In terms of corner to corner sharpness, the Fujinon 27mm f2.8 produces some very nice detail. Although it does lose some detail in the edges and corners, I was surprised how well it maintained this detail considering how simple the design is.

Fujifilm X-T2 – ISO 200 – f5.6 – 1/640



Since I didn’t have access to my chart, I shot diffraction tests using tree bark. This is a 100% crop of the center of the image at different f-stops. At f2.8 the camera still resolves some really sharp detail and it holds this up until about f8, f11 softens up and by f16 we’re hit pretty hard by diffraction.

The sweet spot is around f4 – f5.6. Even f2.8 is still pretty sharp.

Fujinon 27mm f2.8 Diffraction Chart


Even at f2.8 you can get some nice bokeh as long as your subject is close and keeping the aperture under f11 also helps keep the lens pretty glare free.

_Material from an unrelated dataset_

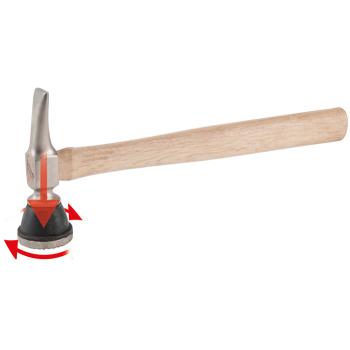 Karosářské kladivo s plochou zahnutou špičkou / kulaté KSTOOLS 140.2109 (2)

If you’re looking for great sun stars, this will not be the right lens for you but you can still produce some nice light effects when shooting at night.


You don’t get that super creamy bokeh at distance like you do with a faster lens, but you still can get some nice subject separation from the background, especially if the subject is very close.


Sunstars or street light stars occur from f16 till about f10 and they almost completely go away by f8.

This is about the best I could find at f16. Shooting into the sun yields less crisp results.



Flaring Ghosting

You won’t really get any unique flaring or ghosting with this lens but that also means you can shoot straight into the sun without it drowning out your image with light or losing much contrast. Of course if you want crazy flaring, you could always throw on a cheap UV filter.

Flaring Ghosting

Flaring is pretty well controlled with this lens. It never really gets extreme, but you also never really get any of those signature lens flare orbs either.

Pushing the flaring at f16 it get’s a little nasty and you’ll start to see Sensor / Red Dot flares and unsightly streaks.

Veiling Flaring

Flaring is also very well controlled with the Fujinon 27mm so getting those really intense veiling flares is fairly difficult.

The Fujinon 27mm features the HT-EBC lens coating to minimize flaring.

What is the HT-EBC coating?

It means “High Transmittance Electron Beam Coating.” It’s basically Fujifilm’s newer high quality fancy 11-layer coating. Ultimately it should help produce more vivid colors, contrast and ghosting and flare reduction.




Color Rendering

For portraits this lens is fantastic. Skin tones pop without every feeling too saturated or muted. The lens also doesn’t have any exaggerated color tones or shifts that need to be corrected.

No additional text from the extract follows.